> _DATA TO EXAMINE_
>>>>

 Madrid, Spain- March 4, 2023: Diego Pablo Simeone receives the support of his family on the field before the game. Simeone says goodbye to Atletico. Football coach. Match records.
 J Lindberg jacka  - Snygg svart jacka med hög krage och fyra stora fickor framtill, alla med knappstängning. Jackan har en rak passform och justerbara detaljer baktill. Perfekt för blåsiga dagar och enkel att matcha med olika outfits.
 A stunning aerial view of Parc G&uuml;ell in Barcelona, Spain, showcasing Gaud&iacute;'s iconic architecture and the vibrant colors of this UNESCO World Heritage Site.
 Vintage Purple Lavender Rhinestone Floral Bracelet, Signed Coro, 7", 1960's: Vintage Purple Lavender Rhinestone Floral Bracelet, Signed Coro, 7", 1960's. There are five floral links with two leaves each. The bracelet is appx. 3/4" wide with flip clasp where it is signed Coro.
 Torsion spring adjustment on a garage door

<<<<

Only the span from the line with "A stunning aerial" through the final line of the records goes in the output, each line unchanged.

 A stunning aerial view of Parc G&uuml;ell in Barcelona, Spain, showcasing Gaud&iacute;'s iconic architecture and the vibrant colors of this UNESCO World Heritage Site.
 Vintage Purple Lavender Rhinestone Floral Bracelet, Signed Coro, 7", 1960's: Vintage Purple Lavender Rhinestone Floral Bracelet, Signed Coro, 7", 1960's. There are five floral links with two leaves each. The bracelet is appx. 3/4" wide with flip clasp where it is signed Coro.
 Torsion spring adjustment on a garage door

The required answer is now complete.